National Arts Center
- Address: Los Baños, Laguna Philippines
- Coordinates: 14°09′47″N 121°12′57″E﻿ / ﻿14.16317°N 121.21585°E
- Operator: Philippine High School for the Arts Cultural Center of the Philippines
- Capacity: 1,000

Construction
- Opened: 1976; 50 years ago

= National Arts Center =

Arts center in Laguna, Philippines

The National Arts Center is a building complex situated in Mount Makiling, Los Baños, Laguna, the Philippines. The establishment was inaugurated in 1976. Its theater is the Tanghalang Maria Makiling or the NAC Center, which has an audience capacity of 1,000 people.

The complex occupies a total area of 13.5 ha at the Makiling Forest Reservation.

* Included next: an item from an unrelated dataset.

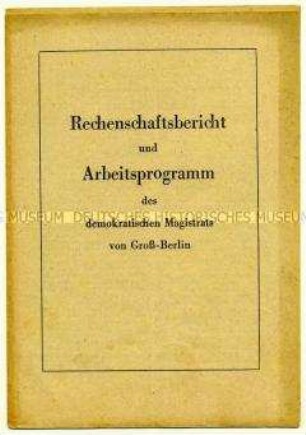 Informationsschrift über den Magistrat von Groß-Berlin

Most of its facilities are operated by the Philippine High School for the Arts except the Pugad Adarna, which is run by the Cultural Center of the Philippines.

Venues aside from the theater include the Pugad Aliguyon or the Marvilla Cottages, the Pugad Adarna or Executive House, a two-story clubhouse called the Bulwagang Sarimanok, and St. Marc's Chapel which is also used for weddings. The chapel's monumental cross was designed by Leandro Locsin and features a negative space outline of the crucified Jesus Christ.